Attirer les ’âmes perdues’
En faisant allégeance lundi aux jihadistes de l'Etat islamique (EI), le principal groupe d'insurgés islamistes en Egypte cherche à recruter des combattants, estiment les experts.
Ansar Beït al-Maqdess ("les Partisans de Jérusalem" en arabe) a revendiqué la plupart des nombreuses attaques qui ciblent militaires et policiers depuis que la destitution en 2013 du président islamiste Mohamed Morsi, le premier élu démocratiquement en Egypte.
Mais il est confronté depuis quelques semaines à une offensive majeure des militaires dans son bastion du Sinaï, à la frontière avec Gaza et Israël. Et il ne se passe pas un jour sans que l'armée n'annonce avoir tué ou capturé des dizaines de jihadistes dans le Sinaï.
Il n'est pas possible de vérifier ces annonces, mais les experts assurent qu'ils essuient des pertes significatives.
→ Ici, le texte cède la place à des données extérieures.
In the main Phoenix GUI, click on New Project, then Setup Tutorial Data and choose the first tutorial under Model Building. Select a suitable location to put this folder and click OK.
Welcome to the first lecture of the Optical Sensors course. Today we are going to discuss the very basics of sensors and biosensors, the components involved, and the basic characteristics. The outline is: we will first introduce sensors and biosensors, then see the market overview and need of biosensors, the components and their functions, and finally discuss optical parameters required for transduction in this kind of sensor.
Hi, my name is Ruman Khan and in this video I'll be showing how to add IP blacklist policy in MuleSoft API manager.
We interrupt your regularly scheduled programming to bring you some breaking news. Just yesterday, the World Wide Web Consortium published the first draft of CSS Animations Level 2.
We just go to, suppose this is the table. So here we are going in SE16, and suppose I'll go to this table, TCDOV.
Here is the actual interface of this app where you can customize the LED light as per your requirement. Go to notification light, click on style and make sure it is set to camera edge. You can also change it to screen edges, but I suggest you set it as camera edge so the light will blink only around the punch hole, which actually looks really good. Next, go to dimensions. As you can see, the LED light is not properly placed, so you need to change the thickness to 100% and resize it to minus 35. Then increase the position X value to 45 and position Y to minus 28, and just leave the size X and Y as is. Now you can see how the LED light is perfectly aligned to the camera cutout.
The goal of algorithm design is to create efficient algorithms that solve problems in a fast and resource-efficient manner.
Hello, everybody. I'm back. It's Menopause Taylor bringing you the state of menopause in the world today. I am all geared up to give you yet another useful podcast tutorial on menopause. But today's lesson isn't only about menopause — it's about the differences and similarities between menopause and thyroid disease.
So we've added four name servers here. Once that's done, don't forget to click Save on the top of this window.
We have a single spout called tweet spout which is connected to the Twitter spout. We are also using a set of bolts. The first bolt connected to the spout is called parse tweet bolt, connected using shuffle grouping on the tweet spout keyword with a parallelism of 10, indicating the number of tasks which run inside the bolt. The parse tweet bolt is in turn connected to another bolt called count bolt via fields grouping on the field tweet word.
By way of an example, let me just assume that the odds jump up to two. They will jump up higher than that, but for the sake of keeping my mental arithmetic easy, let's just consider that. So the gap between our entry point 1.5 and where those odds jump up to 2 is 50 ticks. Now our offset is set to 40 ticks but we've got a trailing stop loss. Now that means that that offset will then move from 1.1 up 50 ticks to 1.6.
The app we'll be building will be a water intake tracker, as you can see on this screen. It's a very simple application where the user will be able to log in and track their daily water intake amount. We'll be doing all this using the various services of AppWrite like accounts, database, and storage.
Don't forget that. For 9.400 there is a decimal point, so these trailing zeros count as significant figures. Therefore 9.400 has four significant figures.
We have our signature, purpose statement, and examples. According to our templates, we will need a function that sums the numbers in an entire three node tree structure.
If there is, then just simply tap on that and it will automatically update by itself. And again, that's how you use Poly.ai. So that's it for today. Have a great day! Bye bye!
Les chefs d'Ansar Beït al-Maqdess "semblent vouloir internationaliser leur position, peut-être face à l'offensive de l'armée, mais il reste à voir s'ils peuvent attirer en dehors de l'Egypte", estime Hisham Hellyer, spécialiste du Moyen-Orient au Royal United Services Institute de Londres.
"Il est peu probable que l'EI ait beaucoup à donner à l'Egypte", sauf à susciter des vocations "chez certains individus", prévient-il toutefois.
"Les troupes assiègent le Sinaï et cette allégeance peut être considérée comme une manoeuvre pour utiliser le nom de l'Etat islamique afin d'attirer la sympathie au sein de la jeunesse" en Egypte, renchérit Eman Ragab, chercheuse au Centre Ahram d'études stratégiques du Caire.
"C'est surtout de la simplicité du message de l'EI dont pourrait tirer parti Ansar Beït al-Maqdess. Ce message est beaucoup plus frustre et accessible que celui d'Al-Qaïda et permet d'attirer une base populaire aux connaissances limitées de la religion: 'tuez des infidèles, responsables de tous les maux du monde musulman, des Américains, des chiites, etc'," commente au Caire un expert du terrorisme au Moyen-Orient, sous couvert de l'anonymat.
Attirer les 'âmes perdues'
L'EI a désormais "une attractivité plus forte qu'Al-Qaïda dans le monde", insiste ce connaisseur qui redoute que des "âmes perdues" en Egypte, en particulier avec l'implacable répression visant les islamistes même modérés, rejoignent l'EI sans s'éloigner: au sein désormais de sa franchise égyptienne.
L'objectif est ainsi de "créer un sanctuaire en Egypte" pour que des jeunes jihadistes rejoignent l'EI sans "aller combattre en Irak ou en Syrie", estime aussi Ismaïl Iskandrani, expert du Sinaï au sein de l'Initiative Arabe de Réforme, un institut basé à Paris.
Ansar Beït al-Maqdess a rappelé lundi que son message et ses objectifs de guerre restaient centrés sur l'Egypte et la lutte contre l'ex-chef de l'armée Abdel Fattah al-Sissi, tombeur de M. Morsi et nouveau président.
"Qu'attendez-vous après que votre honneur eut été souillé, votre sang versé par ce tyran stupide et ses soldats", a proclamé le groupe jihadiste, qui n'a de cesse que de conseiller aux "civils musulmans" de se tenir éloignés de ses cibles potentielles.
"Le souci, c'est qu'ils pourraient viser maintenant des éléments connus pour aidant l'armée égyptienne, ou accusés de soutenir 'l'oppression contre les musulmans', comme les chrétiens, ou des ambassades de pays participant à la coalition contre l'EI", prévient M. Iskandrani.
"Jusqu'à présent, Ansar Beït al-Maqdess s'est retenu mais il est probable que les cibles civiles ou étrangères vont devenir plus fréquentes", renchérit Issandr El Amrani, directeur pour l'Afrique du Nord de l'International Crisis Group (ICG).
"Les nouvelles adhésions rendent la menace que pose Daesh (acronyme arabe de l'EI) encore plus évidente, puisque ce mouvement bénéficie désormais à la fois d'un ancrage territorial solide en Irak et en Syrie, mais aussi de ramifications internationales démultipliant sa force de frappe contre des cibles moyen-orientales ou internationales", s'inquiète Karim Bitar, directeur
de recherche à l'Institut de Relations Internationales et Stratégiques (IRIS) à Paris.
"Il existe un effet d'entraînement et, tant que le momentum de Daesh n'aura pas été brisé, beaucoup continueront de vouloir prendre ce train en marche", prédit l'expert.